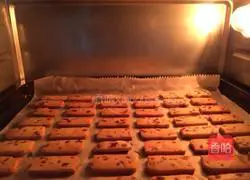 Cranberry Cookie Recipe Illustration 6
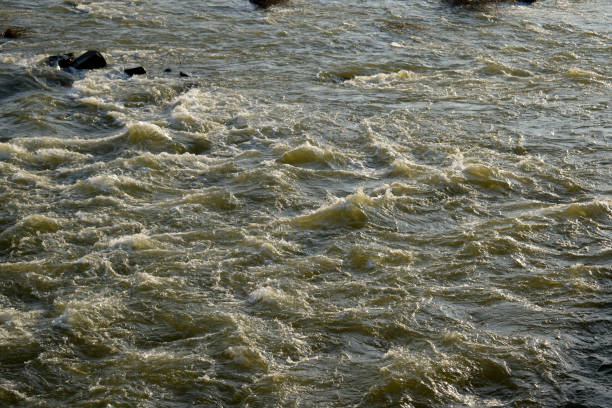 zbliżenie strzał brudnej wody płynącej na rzece, fale wody rzeki i morza spotykają się podczas przypływu i odpływu. - outdoors kraken flowing flowing water zdjęcia i obrazy z banku zdjęć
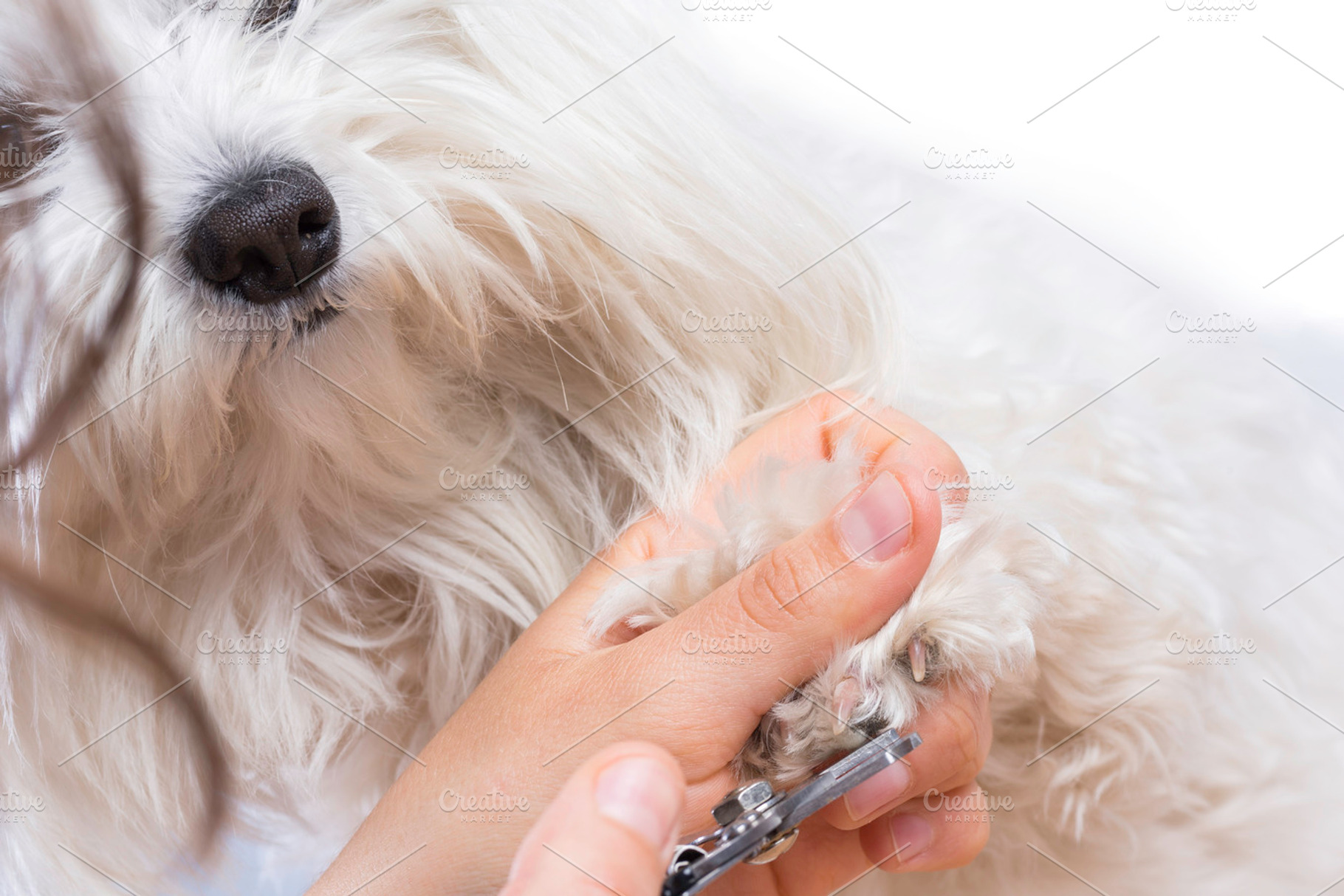 Pet care containing maltese, aesthetics, and animal, an Animal Photo by Josfor photos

• [Your objective]:
The material above is to be repeated word for word, with no images kept.

• [Reply to the task]:
 Cranberry Cookie Recipe Illustration 6
 zbliżenie strzał brudnej wody płynącej na rzece, fale wody rzeki i morza spotykają się podczas przypływu i odpływu. - outdoors kraken flowing flowing water zdjęcia i obrazy z banku zdjęć
 Pet care containing maltese, aesthetics, and animal, an Animal Photo by Josfor photos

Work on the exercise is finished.